Science Courses for Non-Science Majors

 

Year 1

BIOL 1003 Biology of Organisms

Genetics, energetics, and the diversity of life. Properties of living organisms from the level of the cell through tissues, organs and organ systems, to the functioning, integrated organism. This course is offered on-campus and as a distance course. (Intended for non-majors and students requiring preparation for BIOL-1111 and BIOL-1101.) (Not counted for credit in any Faculty of Science program.) (2 lecture hours a week.)

BIOL 1013 Organisms and the Environment

Organisms interacting with other organisms and with their physical environment. Ecological impacts of human activity. This course is offered on-campus and as a distance course. (Intended for non-majors and students requiring preparation for BIOL-1111 and BIOL-1101.)(Not counted for credit in any Faculty of Science program.) (2 lecture hours a week.)

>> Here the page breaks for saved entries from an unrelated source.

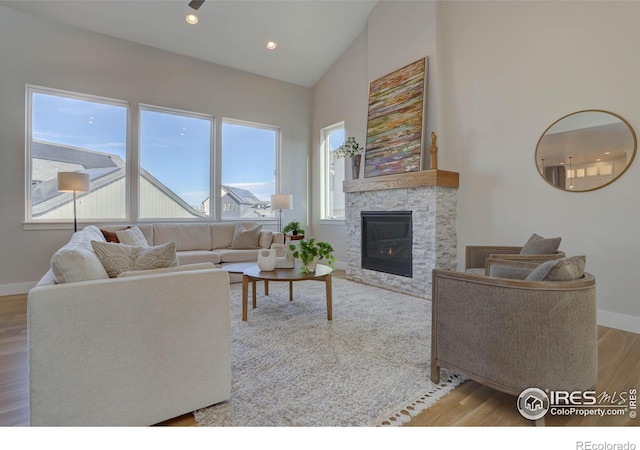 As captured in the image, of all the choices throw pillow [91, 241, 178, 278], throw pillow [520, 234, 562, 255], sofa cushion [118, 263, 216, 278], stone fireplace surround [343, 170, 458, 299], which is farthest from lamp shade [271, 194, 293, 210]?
throw pillow [520, 234, 562, 255]

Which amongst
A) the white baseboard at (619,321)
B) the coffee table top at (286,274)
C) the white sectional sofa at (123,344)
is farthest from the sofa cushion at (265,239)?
the white baseboard at (619,321)

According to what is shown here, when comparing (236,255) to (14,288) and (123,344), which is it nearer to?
(14,288)

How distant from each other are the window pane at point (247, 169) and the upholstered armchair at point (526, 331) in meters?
4.68

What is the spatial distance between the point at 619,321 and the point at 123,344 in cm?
378

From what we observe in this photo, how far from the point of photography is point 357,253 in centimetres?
480

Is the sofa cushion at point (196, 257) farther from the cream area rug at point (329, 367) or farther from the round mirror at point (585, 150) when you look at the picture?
the round mirror at point (585, 150)

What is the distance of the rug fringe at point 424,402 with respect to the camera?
152 centimetres

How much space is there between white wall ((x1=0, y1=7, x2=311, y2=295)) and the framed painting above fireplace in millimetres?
2451

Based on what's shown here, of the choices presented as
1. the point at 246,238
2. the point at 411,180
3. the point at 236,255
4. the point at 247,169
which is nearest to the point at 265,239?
the point at 246,238

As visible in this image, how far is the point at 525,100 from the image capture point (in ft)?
10.9

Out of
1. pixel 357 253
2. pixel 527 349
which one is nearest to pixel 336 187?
pixel 357 253

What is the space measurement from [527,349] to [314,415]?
1067 mm

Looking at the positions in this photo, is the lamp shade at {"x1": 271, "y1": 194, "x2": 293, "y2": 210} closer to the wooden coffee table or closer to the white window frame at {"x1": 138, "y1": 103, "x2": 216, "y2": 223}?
the white window frame at {"x1": 138, "y1": 103, "x2": 216, "y2": 223}

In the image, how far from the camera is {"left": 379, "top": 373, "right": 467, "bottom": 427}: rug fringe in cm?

CHEM 1000 Introduction to Chemistry

This course stresses fundamental principles of chemistry, and is intended for students lacking SCH4U or equivalent, or requiring additional preparation for CHEM-1100 (General Chemistry I), CHEM-1103 (Topics in General Chemistry) and BIOC-1303 (Organic and Biological Chemistry for Health Sciences) . Topics include: basic atomic theory, the periodic table, stoichiometry, properties of gases and liquids, acid-base concepts and chemical equilibria, organic and polymer chemistry. This course can serve as a prerequisite for CHEM-1100, but may not be taken for credit in any Science program. (4 lecture hours and 2 tutorial hours per week; or 3 lecture hours and 1 tutorial hour) (Students who first completed CHEM-1100 may not subsequently enrol in CHEM-1000.)

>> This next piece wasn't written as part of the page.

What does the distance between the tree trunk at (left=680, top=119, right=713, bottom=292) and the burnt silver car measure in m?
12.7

COMP 1047 Computer Concepts for End-Users

Introduction to the concepts of operation of a computer system, including hardware and software. Development of conceptual understanding of word processors, databases, spreadsheets, etc., and practical experience with their use. Networking concepts and data communication concepts will be introduced. The Internet will be introduced with students having access to internet resources. Management information systems including the systems development lifecycle will be discussed. Fundamental concepts of algorithm development and programming will be introduced. Hands-on experience with microcomputers as well as a distributed-computing environment will be involved. In addition to lecture time, laboratory/tutorial time may be scheduled as required. (May not be used to fulfill the major requirements of any major or joint major in Computer Science.) (3 lecture hours)

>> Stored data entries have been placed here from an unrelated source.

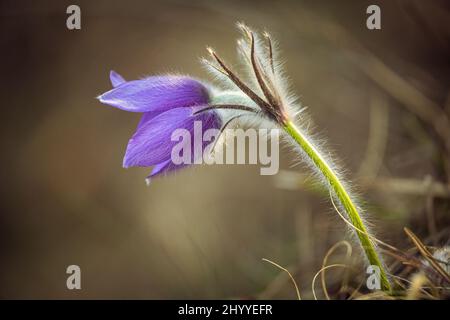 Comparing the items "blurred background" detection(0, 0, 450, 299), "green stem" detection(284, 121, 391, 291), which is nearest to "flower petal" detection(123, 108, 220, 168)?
"green stem" detection(284, 121, 391, 291)

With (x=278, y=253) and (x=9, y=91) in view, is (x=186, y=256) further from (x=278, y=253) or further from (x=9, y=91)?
(x=9, y=91)

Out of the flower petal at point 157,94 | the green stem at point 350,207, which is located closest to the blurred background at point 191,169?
the green stem at point 350,207

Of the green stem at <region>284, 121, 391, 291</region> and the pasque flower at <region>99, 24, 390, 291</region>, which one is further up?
the pasque flower at <region>99, 24, 390, 291</region>

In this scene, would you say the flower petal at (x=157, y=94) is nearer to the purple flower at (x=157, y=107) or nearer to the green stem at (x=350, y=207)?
Result: the purple flower at (x=157, y=107)

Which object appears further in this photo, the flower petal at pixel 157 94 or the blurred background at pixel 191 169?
the blurred background at pixel 191 169

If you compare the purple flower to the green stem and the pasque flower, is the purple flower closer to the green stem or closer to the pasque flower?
the pasque flower

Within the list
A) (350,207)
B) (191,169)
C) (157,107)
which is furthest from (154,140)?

PHYS 1000 Introduction to Astronomy I.

The solar system with emphasis on the results of recent space exploration. This is a descriptive course suitable for the non-scientist. (May be taken by B.Sc. students for credit, but does not count as a Physics course or other science course towards the fulfillment of the requirements for the B.Sc. degree.) (2 lecture hours a week.)

PHYS 1010 Introduction to Astronomy II

The stars, galaxies, including pulsars, black holes, and quasars. Current theories of the structure of the universe will be discussed. This is a descriptive course suitable for the non-scientist. (May be taken by B.Sc. students for credit, but does not count as a Physics course or other science course towards the fulfillment of the requirements for the B.Sc. degree.) (2 lecture hours a week.)

ESCI 1120 Introduction to Geomorphology

The landscapes of the earth, with particular reference to the glaciers, coastlines, rivers, and northern permafrost regions of Canada. (3 lecture hours a week.)

ESCI 1130 ESCI-1130. Atmosphere and Climate

An introduction to the atmosphere and the basic principles of meteorology and climatology. Topics include weather systems, atmospheric pollution and inadvertent climate modification, climate change and relationships between climate and living organisms. (3 lecture hours a week.)

ESCI 1000 Natural Hazards and Disasters

The Earth’s component systems and their interrelationships. Earth hazards and the Earth’s interior processes: volcanism and earthquakes. Hazards and surface processes: landslides and floods. Atmospheric hazards: storms, hurricanes and tornadoes. (May be taken by Science students for credit, but does not count as a Science option towards the fulfillment of the specified requirements for a Science degree). (2 lecture hours per week)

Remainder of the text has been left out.